Let’s further assume that the first audio & video frames of the second file start at 0ms.
Now back to the first file: let’s assume the video frame has 5 frames. This means that the last frame’s timestamp is (5 - 1) * 40ms = 160ms; the video track’s duration is obviously last frame’s timestamp + frame’s duration → 160ms + 40ms = 200ms (or 5 * 40ms).
Similarly for the audio track, let’s assume 6 frames, meaning the last one starts at 5 * 33ms = 165ms & ends at 6 * 33mds = 188ms. That leaves a gap of 12ms between the end of the audio track & the end of the video track.
Now the question is: how many ms does mkvmerge add to the timestamps of the audio & video frames from the second file?
With the default append mode, file, mkvmerge uses the duration of the whole file. This is the maximum of all the end timestamps of all the frames in the first file; in this case, the maximums are 188ms (audio track) & 200ms (video track), ergo the file’s duration is 200ms. This is the value mkvmerge will add 200ms to all timestamps coming from the second file.
For the video track this means that there’s no gap in the playback as the first frame from the second file will start right after the last frame of the first file ends (both at 200ms).
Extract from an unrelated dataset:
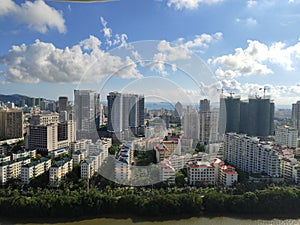 A view from the height  of the buildings of the city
This isn’t true for the audio track, though: the last frame of the first file ends at 188ms, but the first frame of the second file will be played at 200ms, leaving a gap of 12ms for which there’ll be no content to play.
Players handle such gaps differently, often by shortening the duration of the video frames displayed as gaps in audio playback are much more noticeable than one sped-up video frame.
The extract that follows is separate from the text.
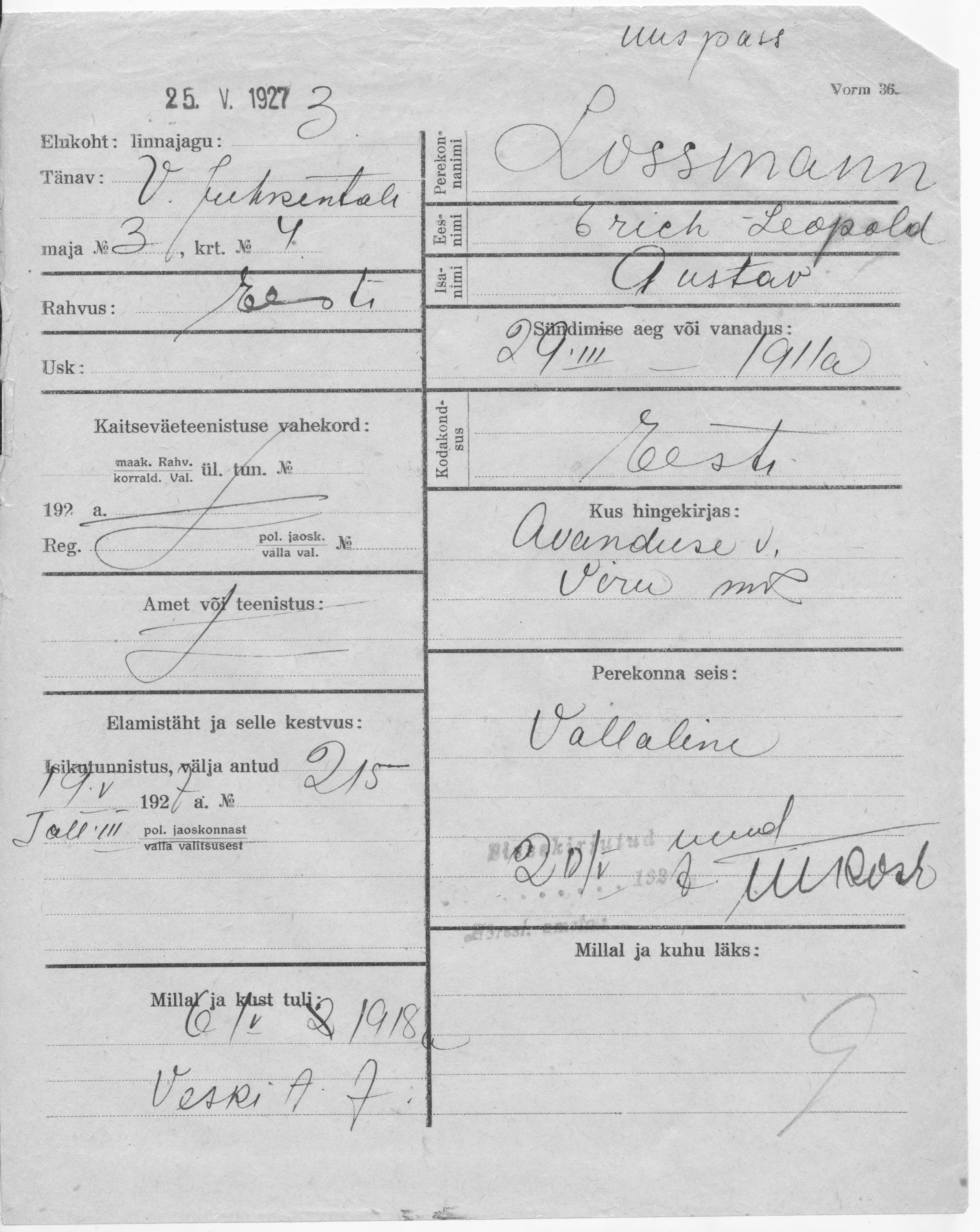 Lossmann, Erich-Leopold, Gustav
With the alternative append mode, track, mkvmerge will not use the first file’s duration for that offset. Instead it’ll ensure that each track has a continuous stream of frames. In other words, while the handling of the video track will stay the same, a delay of 188ms instead of 200ms will be used for the audio track, ensuring there’s no gap.
You might wonder why mkmverge doesn’t do this by default. The answer is that users often append content that is synchronized properly within each source file. This synchronization is lost in track append mode. Put differently: if you watch the second file, the first audio & the first video frames must be started at the same timestamp in order for their content to appear synchronized. If you use track append mode with such a file, they would not be started at the same timestamp but 12ms apart (audio earlier than video). Therefore the content of the second file would appear not to be synchronized when watching the appended file.
Such content is used way more often than content that’s the result of a splitting operation created with mkvmerge, which is what track mode is more suitable for.